*What to work on:* Wherever a picture appears, skip it and retype the rest of the data exactly.

*Data section:*
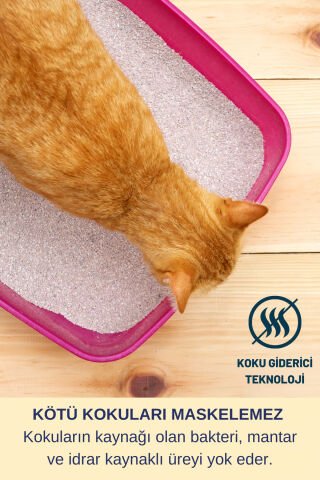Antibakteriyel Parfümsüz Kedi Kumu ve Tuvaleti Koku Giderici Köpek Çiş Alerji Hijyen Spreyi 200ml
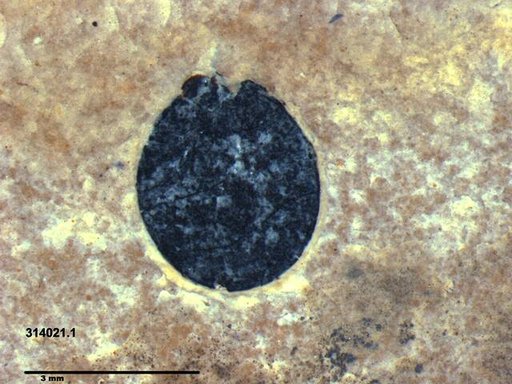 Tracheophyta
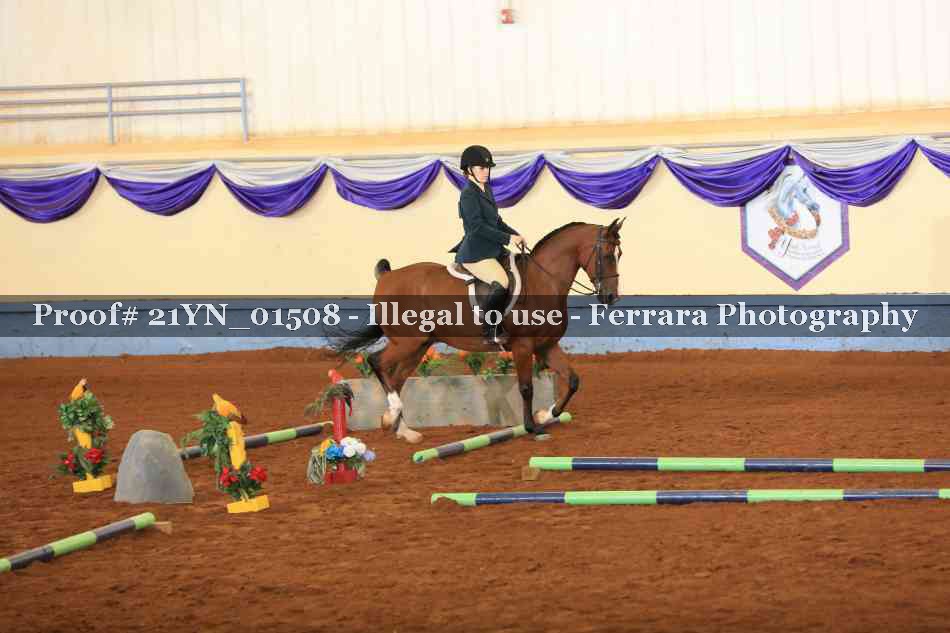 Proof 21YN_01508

*Written solution:*
Antibakteriyel Parfümsüz Kedi Kumu ve Tuvaleti Koku Giderici Köpek Çiş Alerji Hijyen Spreyi 200ml
 Tracheophyta
 Proof 21YN_01508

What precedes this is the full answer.